→ **Work task**
Transcribe the entries exactly. Omit the pictures.

==================================================

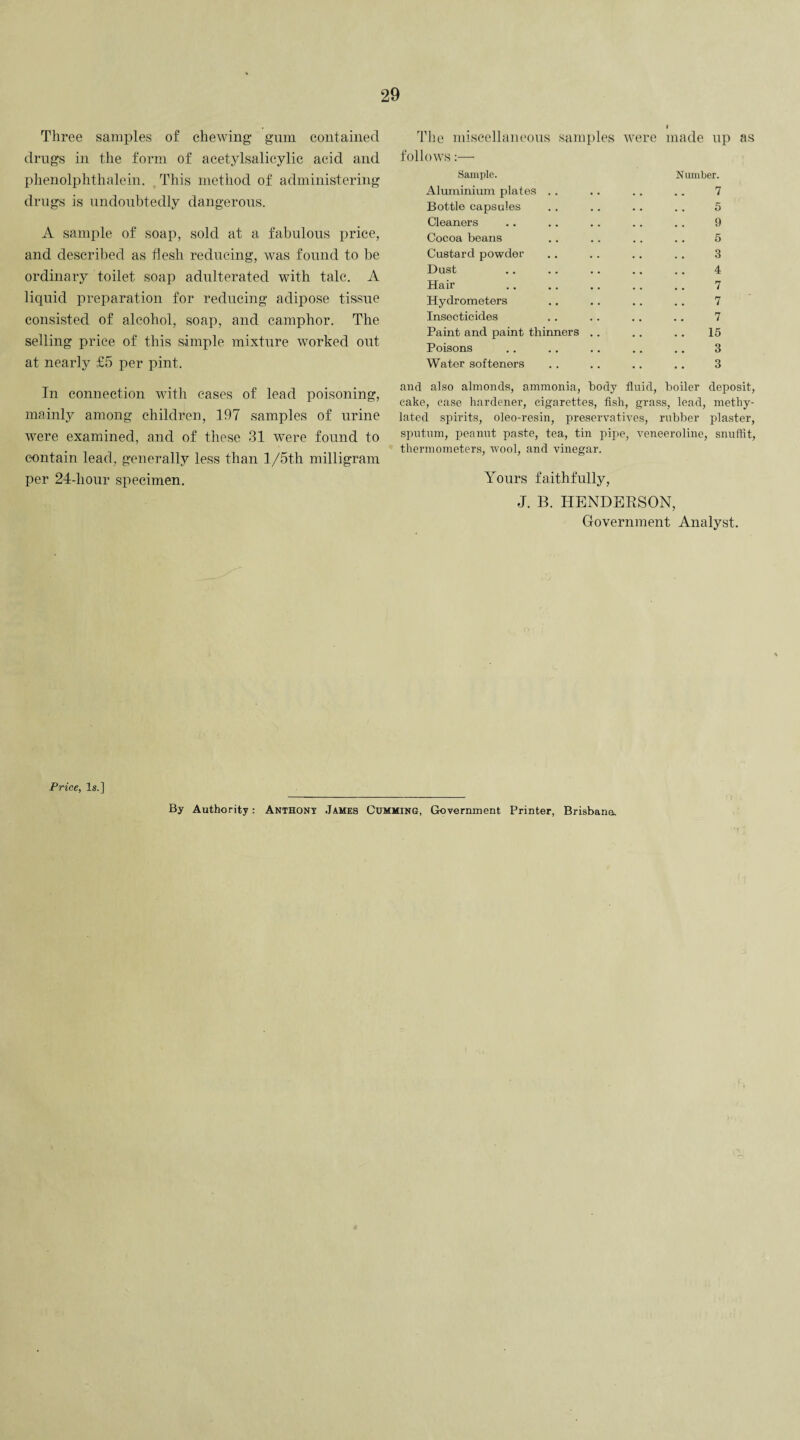 Three samples of chewing gum contained drugs in the form of acetylsalicylic acid and phenolphthalein. This method of administering drugs is undoubtedly dangerous. A sample of soap, sold at a fabulous price, and described as flesh reducing, was found to be ordinary toilet soap adulterated with talc. A liquid preparation for reducing adipose tissue consisted of alcohol, soap, and camphor. The selling price of this simple mixture worked out at nearly £5 per pint. In connection with cases of lead poisoning, mainly among children, 197 samples of urine were examined, and of these 31 were found to contain lead, generally less than l/5th milligram per 24-liour specimen. The miscellaneous samples were made up as follows Sample. Aluminium plates .. Bottle capsules Cleaners Cocoa beans Custard powder Dust Hair Hydrometers Insecticides Paint and paint thinners Poisons Water softeners Number. 7 5 9 5 3 4 7 7 7 15 3 3 and also almonds, ammonia, body fluid, boiler deposit, cake, ease hardener, cigarettes, fish, grass, lead, methy¬ lated spirits, oleo-resin, preservatives, rubber plaster, sputum, peanut paste, tea, tin pipe, veneeroline, snuffit, thermometers, wool, and vinegar. Yours faithfully, J. B. HENDERSON, Government Analyst. Price, Is.] By Authority: Anthony James Cumming, Government Printer, Brisbane^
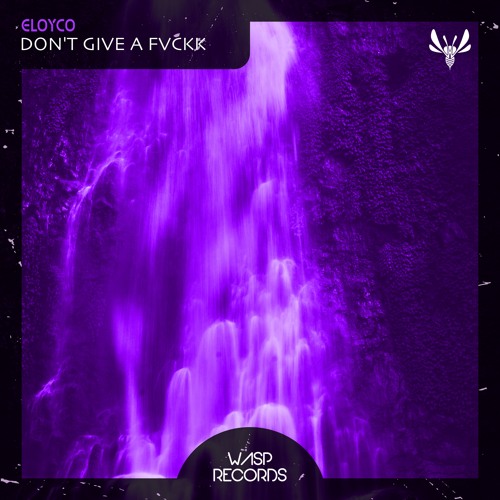 Eloyco - Don't Give A Fvckk (Original Mix) ★ OUT NOW ON BEATPORT ★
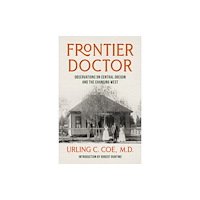 Oregon State University Frontier Doctor (häftad, eng)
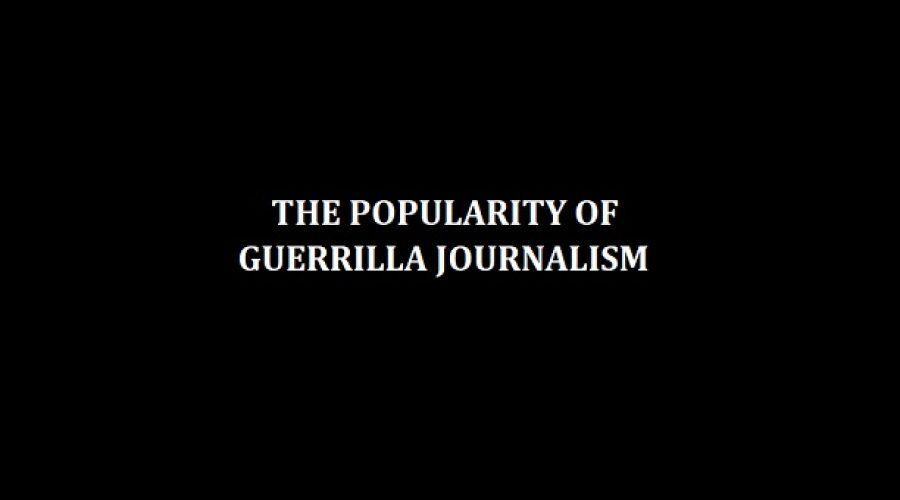 You Are Guerrilla Journalism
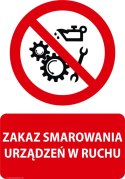 Tablica PVC 20x30 cm ZAKAZ SMAROWANIA URZĄDZEŃ W RUCHU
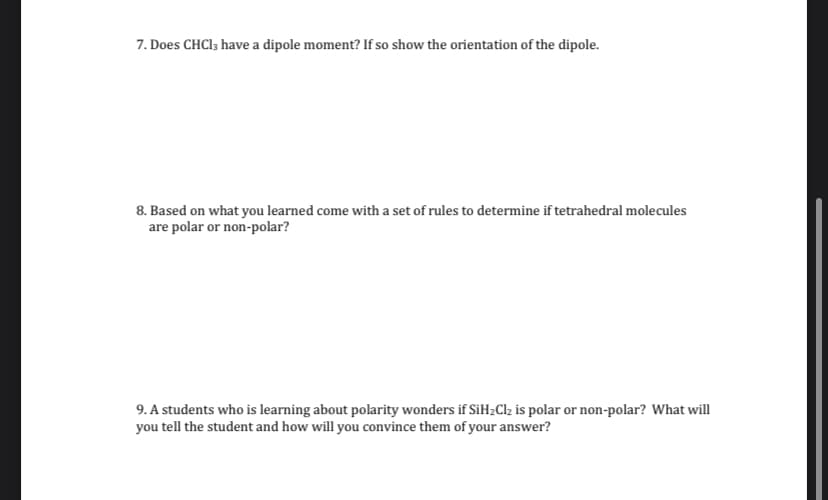 7. Does CHCI3 have a dipole moment? If so show the orientation of the dipole.
8. Based on what you learned come with a set of rules to determine if tetrahedral molecules
are polar or non-polar?
9. A students who is learning about polarity wonders if SiH2Clz is polar or non-polar? What will
you tell the student and how will you convince them of your answer?
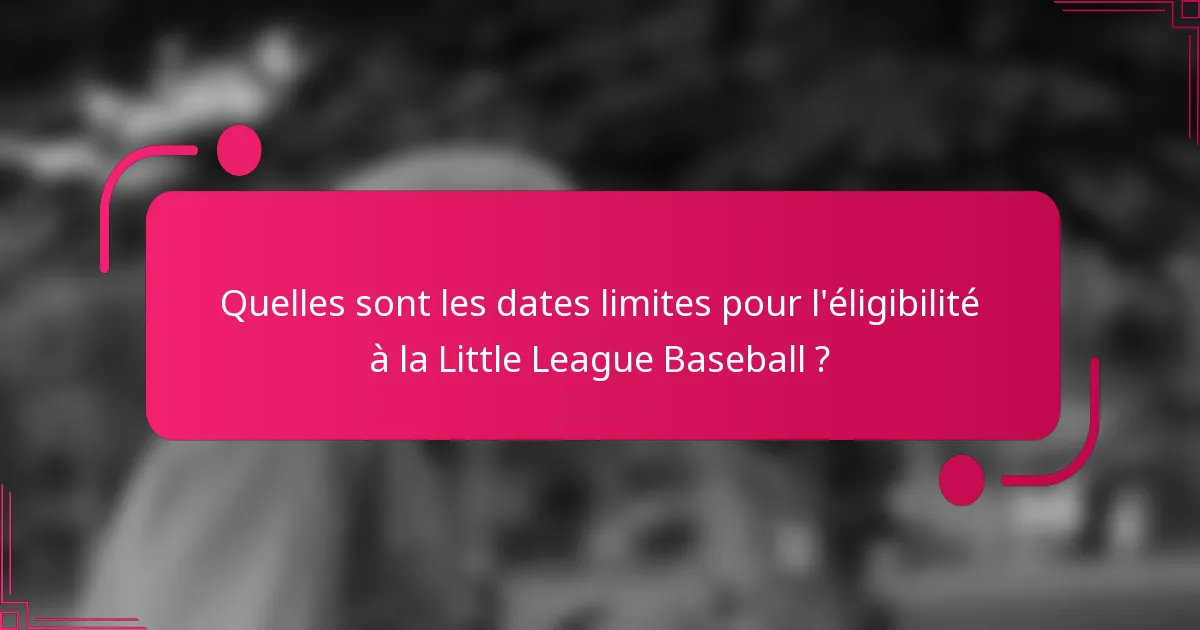 Quelles sont les dates limites pour l'éligibilité à la Little League Baseball ?
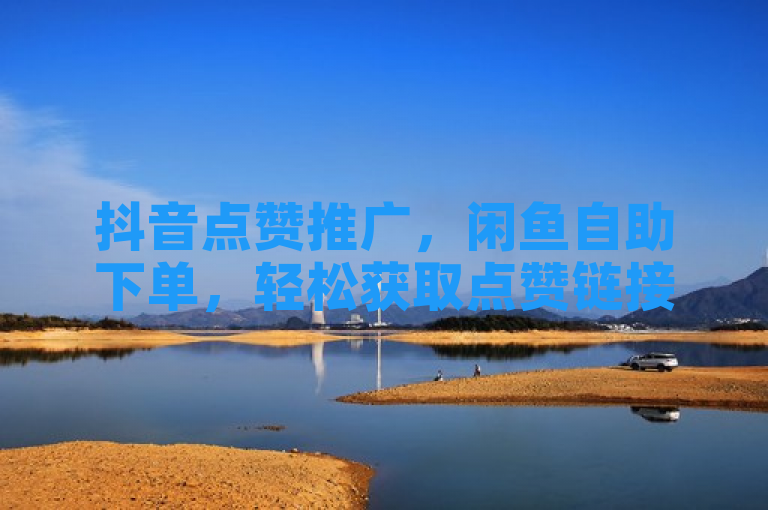 抖音点赞推广，闲鱼自助下单，轻松获取点赞链接。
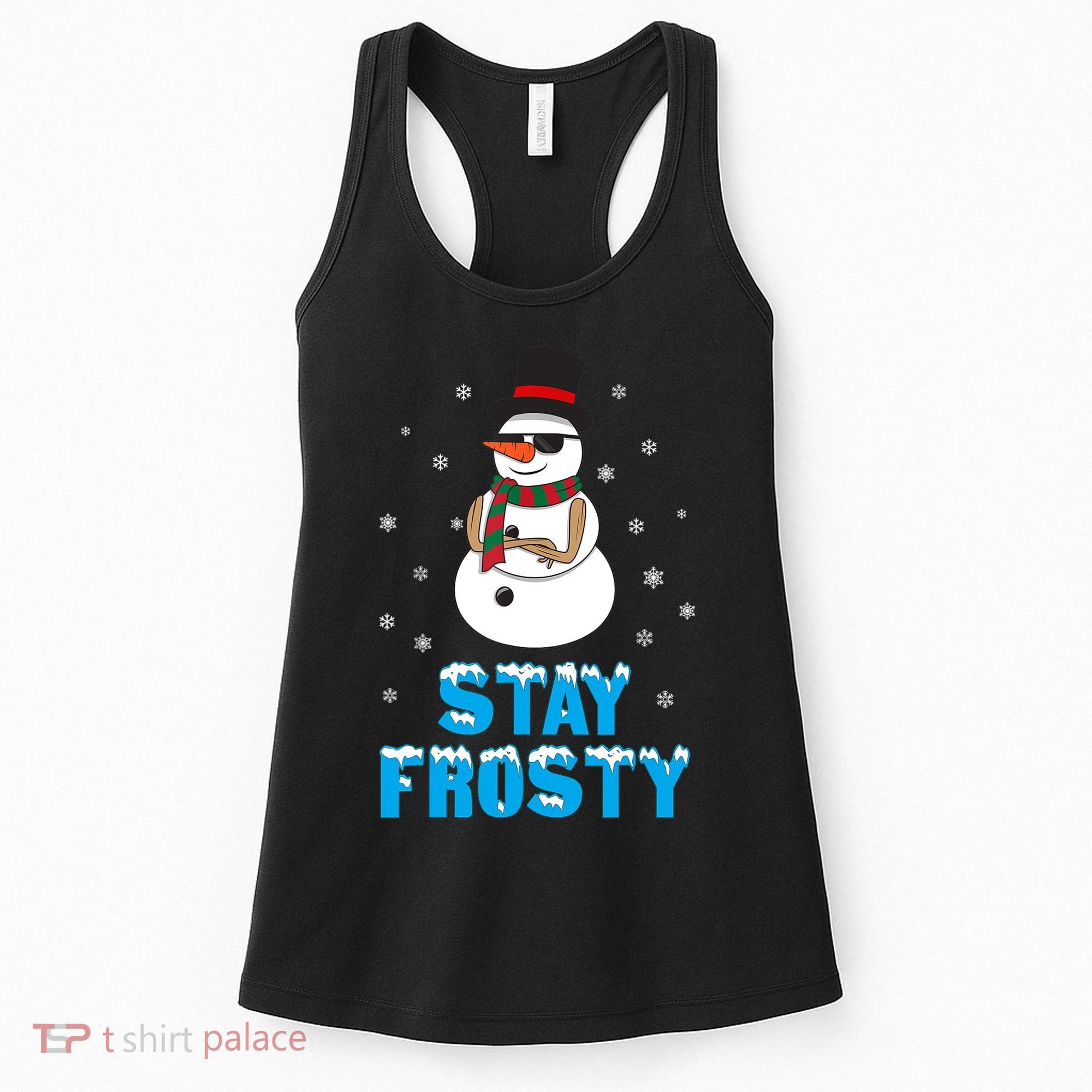 Stay Frosty Funny Christmas Cool Snowman T Women's Tank Top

==================================================

→ **Answer for the task**
 Three samples of chewing gum contained drugs in the form of acetylsalicylic acid and phenolphthalein. This method of administering drugs is undoubtedly dangerous. A sample of soap, sold at a fabulous price, and described as flesh reducing, was found to be ordinary toilet soap adulterated with talc. A liquid preparation for reducing adipose tissue consisted of alcohol, soap, and camphor. The selling price of this simple mixture worked out at nearly £5 per pint. In connection with cases of lead poisoning, mainly among children, 197 samples of urine were examined, and of these 31 were found to contain lead, generally less than l/5th milligram per 24-liour specimen. The miscellaneous samples were made up as follows Sample. Aluminium plates .. Bottle capsules Cleaners Cocoa beans Custard powder Dust Hair Hydrometers Insecticides Paint and paint thinners Poisons Water softeners Number. 7 5 9 5 3 4 7 7 7 15 3 3 and also almonds, ammonia, body fluid, boiler deposit, cake, ease hardener, cigarettes, fish, grass, lead, methy¬ lated spirits, oleo-resin, preservatives, rubber plaster, sputum, peanut paste, tea, tin pipe, veneeroline, snuffit, thermometers, wool, and vinegar. Yours faithfully, J. B. HENDERSON, Government Analyst. Price, Is.] By Authority: Anthony James Cumming, Government Printer, Brisbane^
 Eloyco - Don't Give A Fvckk (Original Mix) ★ OUT NOW ON BEATPORT ★
 Oregon State University Frontier Doctor (häftad, eng)
 You Are Guerrilla Journalism
 Tablica PVC 20x30 cm ZAKAZ SMAROWANIA URZĄDZEŃ W RUCHU
 7. Does CHCI3 have a dipole moment? If so show the orientation of the dipole.
8. Based on what you learned come with a set of rules to determine if tetrahedral molecules
are polar or non-polar?
9. A students who is learning about polarity wonders if SiH2Clz is polar or non-polar? What will
you tell the student and how will you convince them of your answer?
 Quelles sont les dates limites pour l'éligibilité à la Little League Baseball ?
 抖音点赞推广，闲鱼自助下单，轻松获取点赞链接。
 Stay Frosty Funny Christmas Cool Snowman T Women's Tank Top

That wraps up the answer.